The connection is stronger than ever this week. For the first time since prior to the pandemic, Uecker will be on the road with the Brewers in Atlanta, calling games for the Brewers Radio Network.
It will be his first visit to Truist Park, site of Game 3 of the NLDS on Monday.
It’s an opportunity to reconnect with his baseball roots, since one of Uecker’s earliest stops was Double-A Atlanta, playing at Ponce de Leon Park in 1958 and ’59 before moving up to Triple-A and eventually the big leagues. Uecker played alongside Hank Aaron with the Milwaukee Braves in ’62 and ’63, then reunited with “The Hammer” in Atlanta in 1967. Uecker said he’s been thinking about Aaron this week and wondering what he would make of the first postseason matchup between the Braves and Brewers.
There’s no doubt where Uecker’s rooting interests lie.
“I’ve liked [the Brewers] all year long,” he said. “We went through that whole COVID thing last year, and it was a bummer. You didn’t get to really see what the guys do through a full season.”
That’s why it meant so much to celebrate in person with the team when the Brewers clinched the division on Sept. 26.
“This is good,” Uecker said. “Really good.”
In recent weeks, Uecker was asked whether he ever ponders retirement. The answer was a quick no, as long as he’s able to do his job without embarrassing himself or the organization. He will know, Uecker insisted, when it’s time.
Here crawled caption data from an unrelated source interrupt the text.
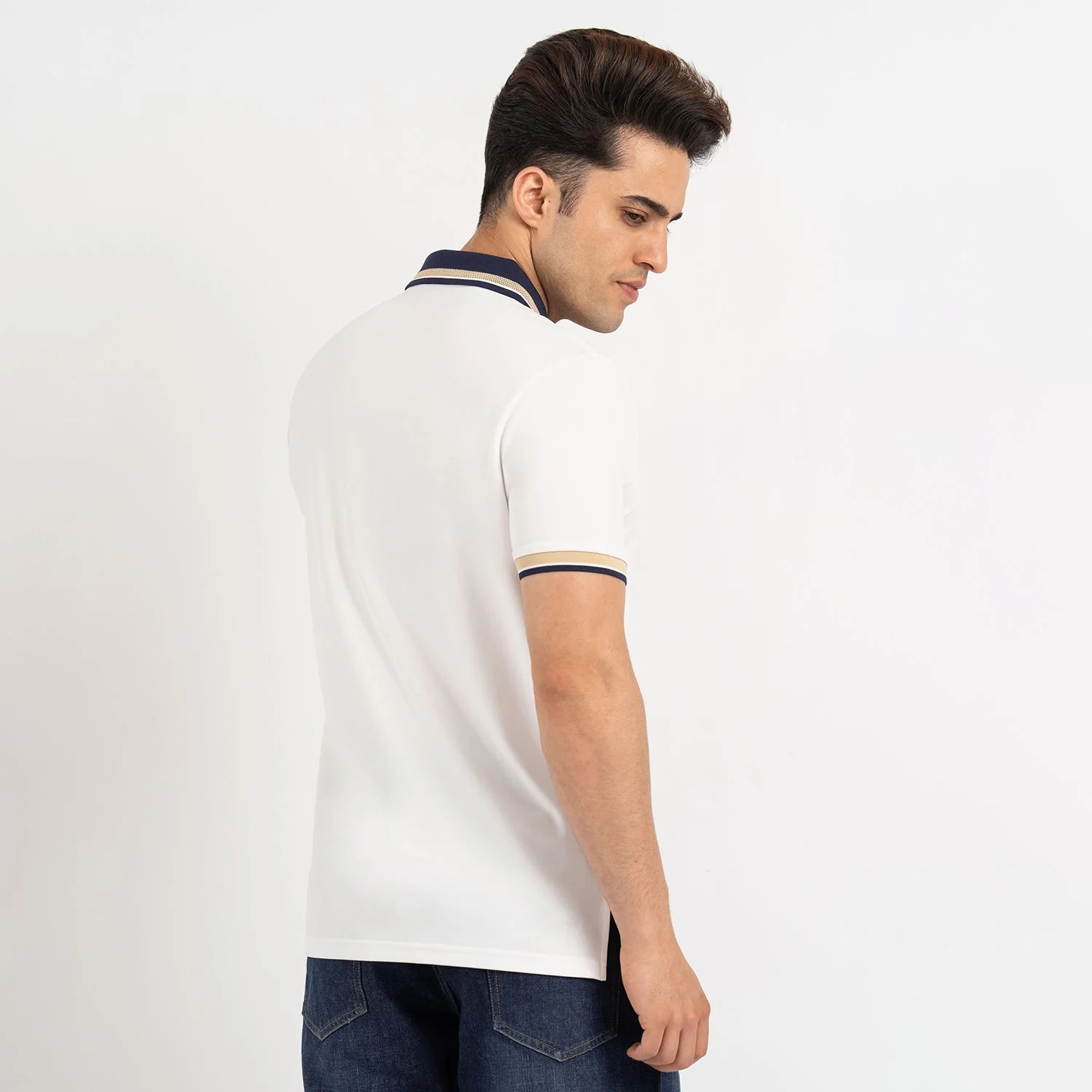 T Shirts for Men in White | Polo Half Sleeve T Shirt - Image 3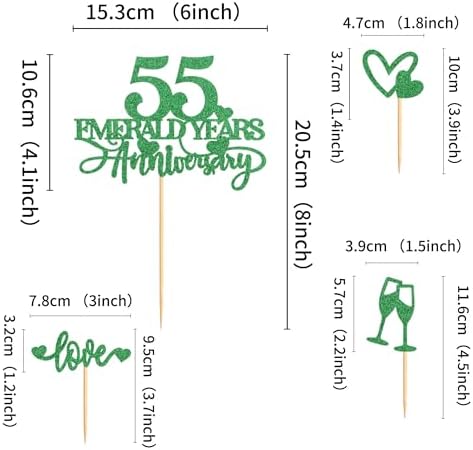 25Pcs Glitter Green 55 Emerald Years Anniversary Cake Toppers Heart Cheers Love Cupcake Picks for 55 Years Wedding Anniversary Cake Decorations Happy 55th Anniversary Birthday Party Decorations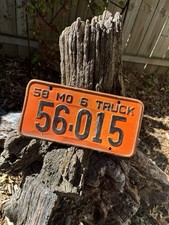 1958 Missouri Truck License Plate # 56-015, orange picture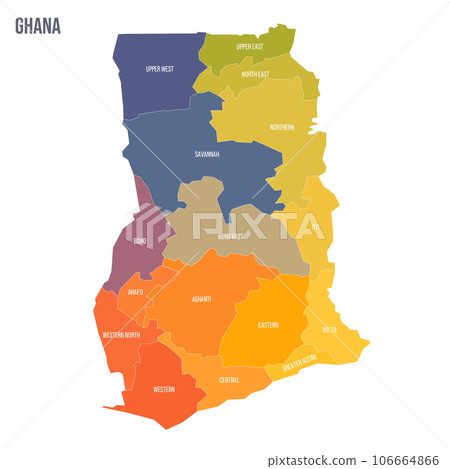 Ghana political map of administrative divisions - regions. Colorful spectrum political map with labels and country name. 106664866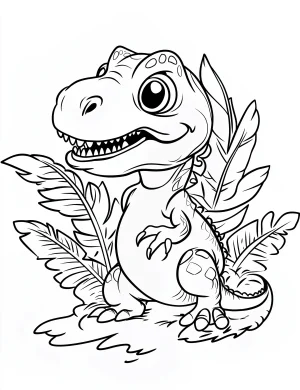 Cartoon Tyrannosaurus Rex Dinosaur with Plants Coloring Page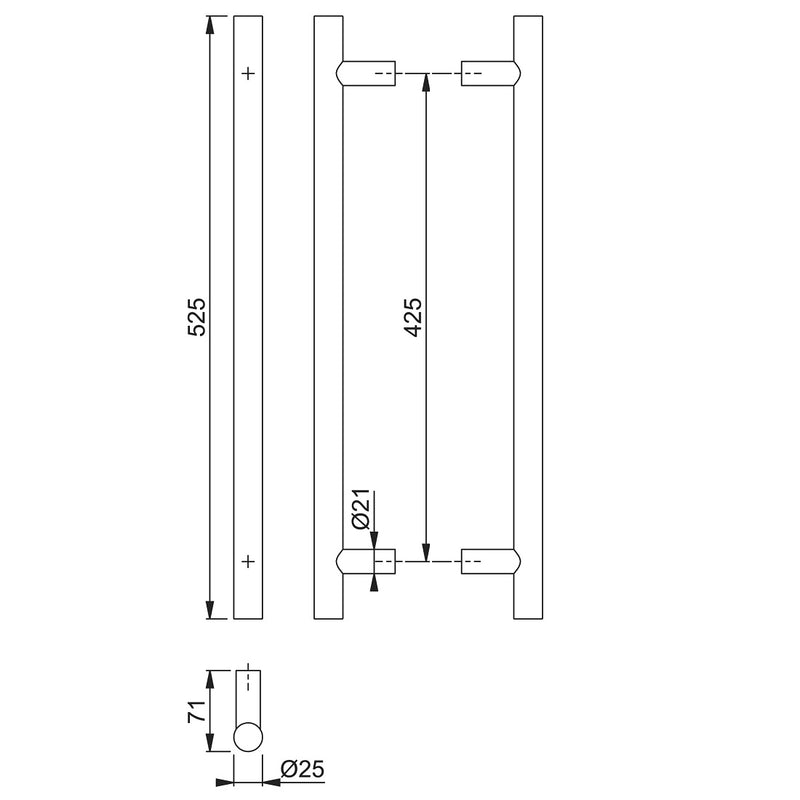 Arrone 25mmØ Back To Back Fixing Entrance Pull Handle 425mm - Satin Stainless Steel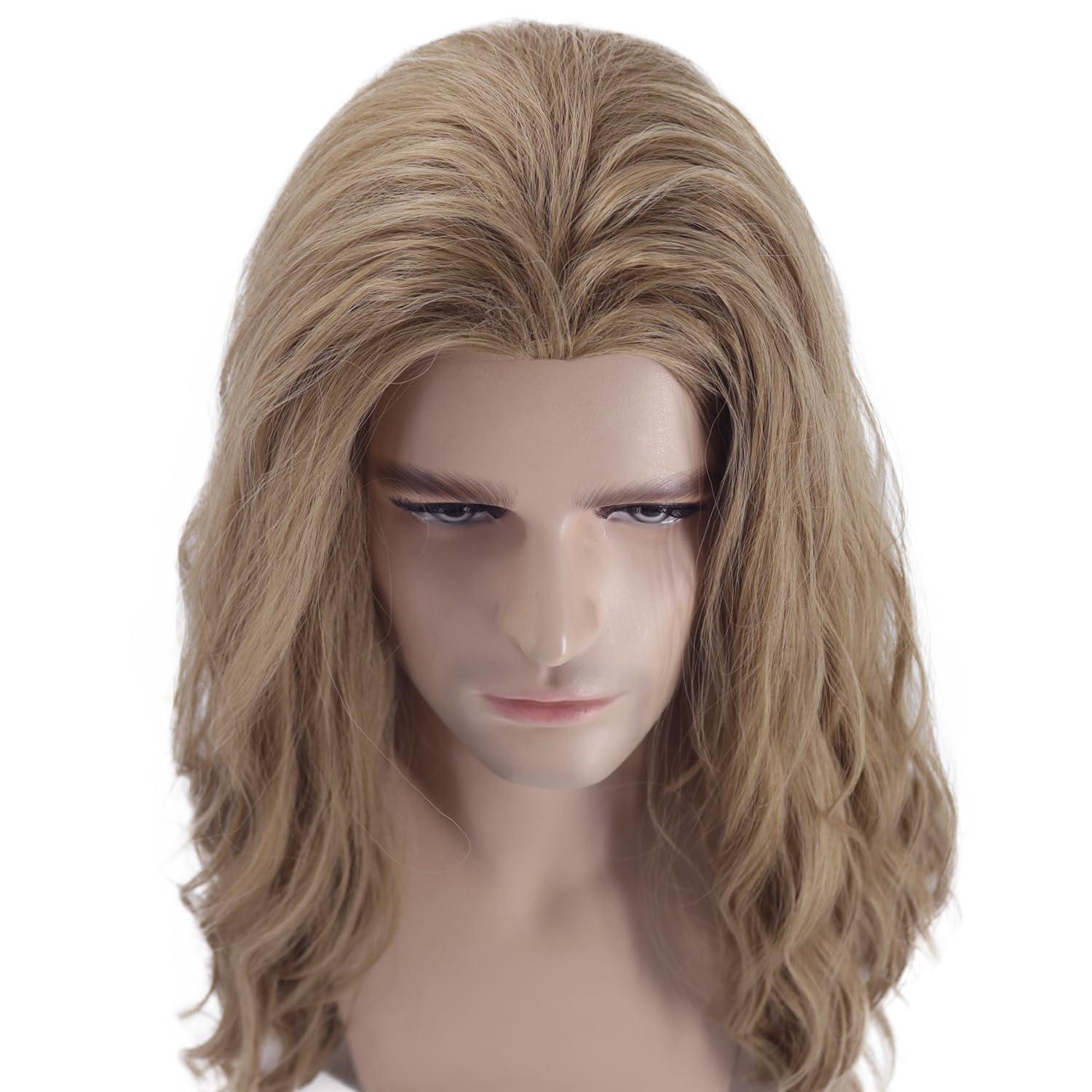 imageMens Light Blonde Wig Long Wavy Blonde Wig for Men Male Shoulder Length Hair Synthetic WigsAsh Blonde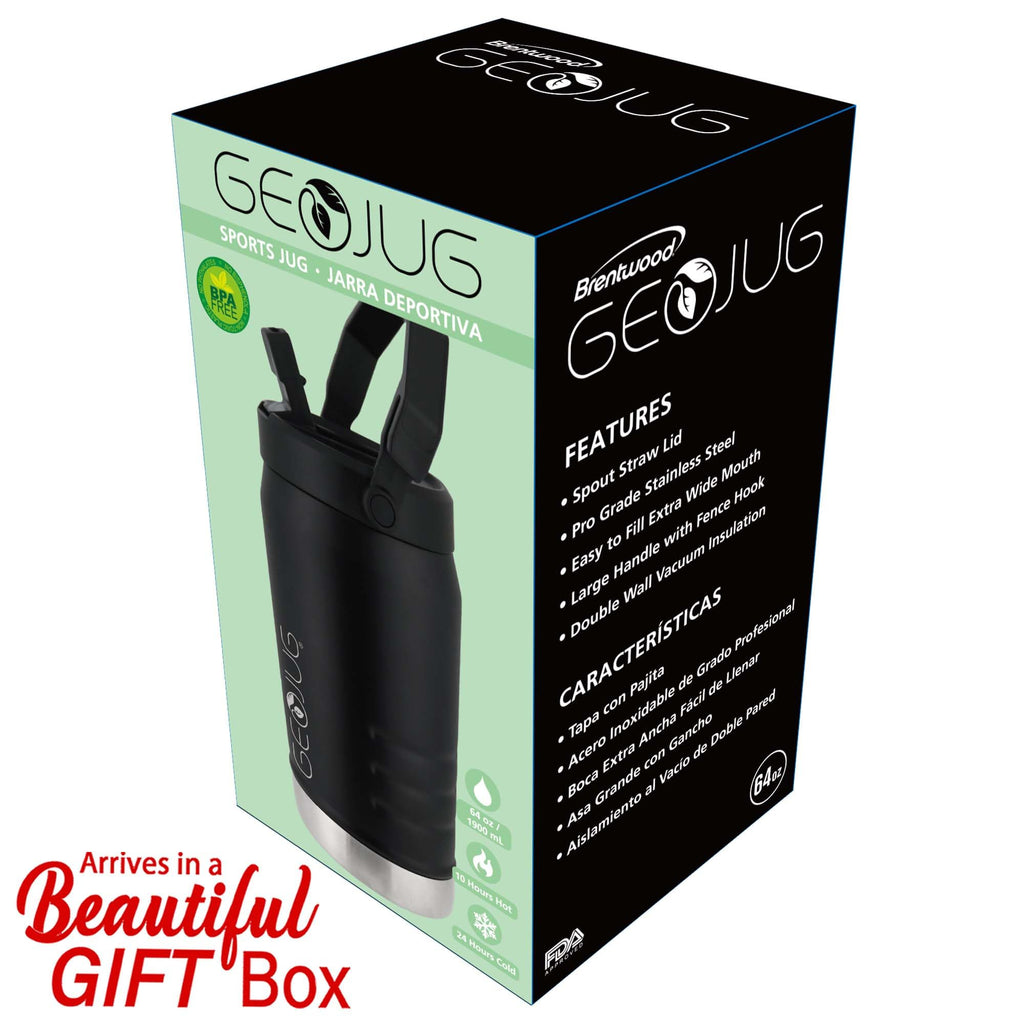 Brentwood GeoJug G-1900BK 64 oz Vacuum Insulated Sports Water Jug with Straw Lid and Fence Hook - Black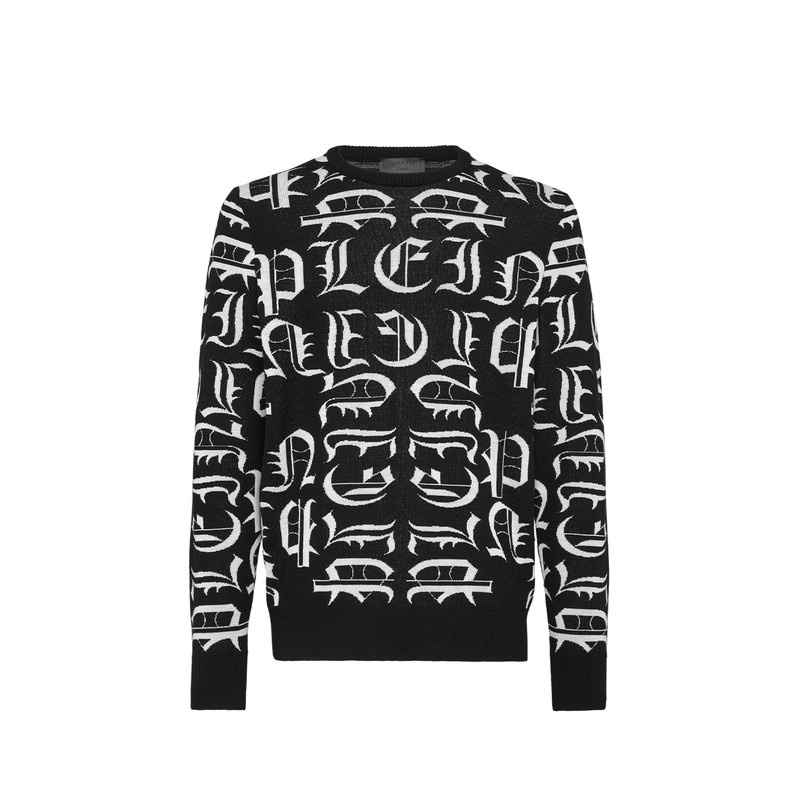 Philipp plein 毛衣男士哥特式文字圆领时尚套头针织衫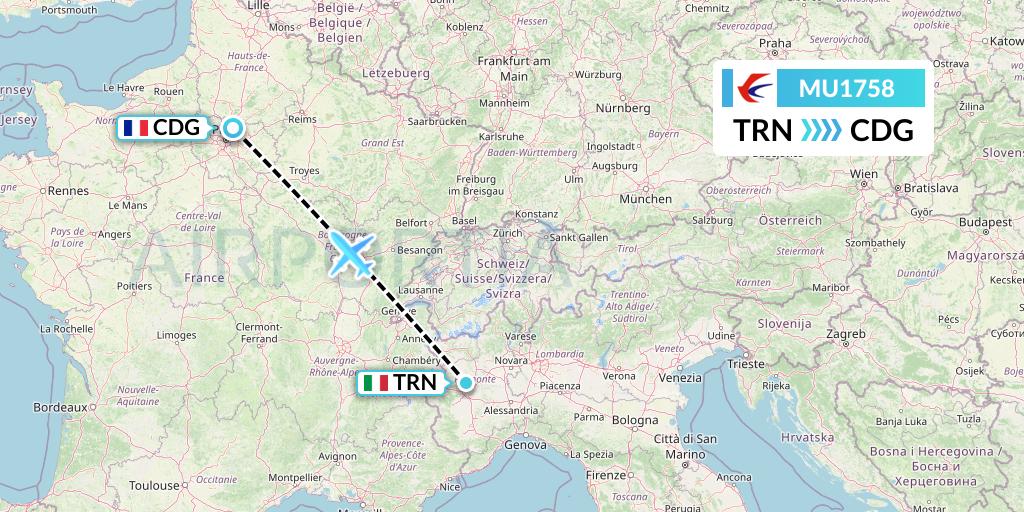 MU1758 China Eastern Airlines Flight Map: Turin to Paris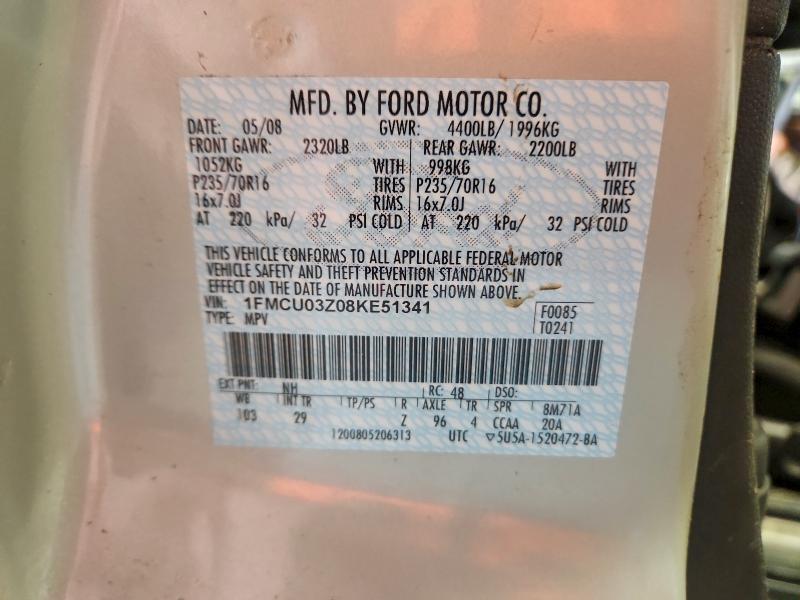 Photo 14 from auction – 2008 FORD ESCAPE XLT with VIN 1FMCU03Z08KE51341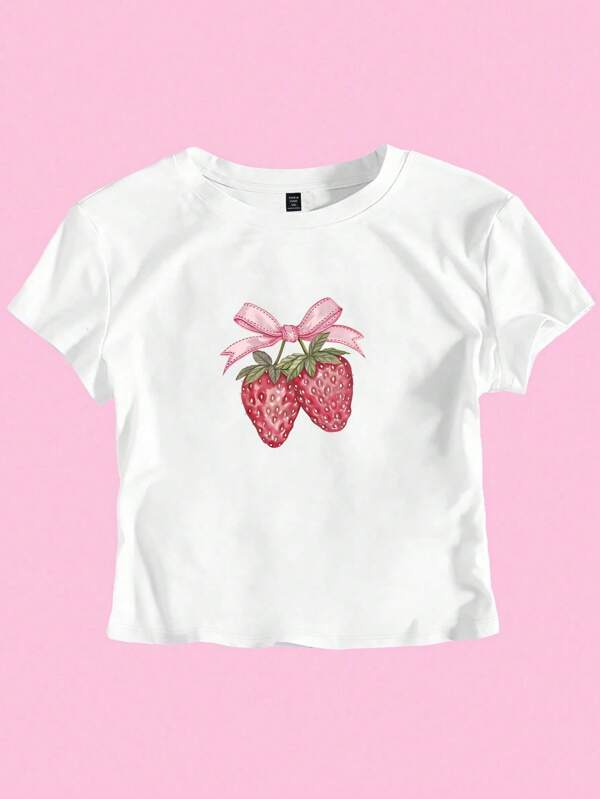 Flirla Tricou pentru femei de vară, ocazional, Y2K, cu căpșuni, cu fundă, cu gât rotund, cu imprimeu grafic Tricou pentru femei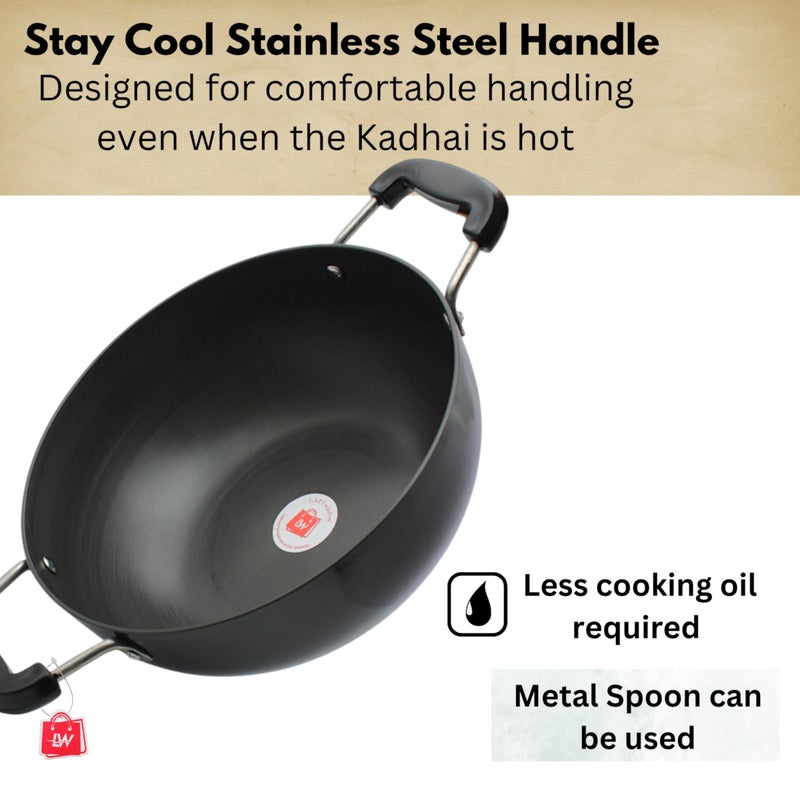 LAZYwindow Hard Anodized Kadhai with Induction Base, 25.5 cm, 3 Litre, Black Pack of 2 - Image 5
“I think keep doing it,” Larrea said. “Tell me what other 87-year-old is that active and can work. Someone told me the other day when Bob had his first pitch [prior to NLDS Game 1], ‘I look at my 81-year-old aunt and she’s spooning pudding in her mouth and going to bed.’ Now look at what Bob is doing at age 87.
“I think the work, being around everyone, the players, the front office, the media, everyone, it invigorates him. It keeps him young.”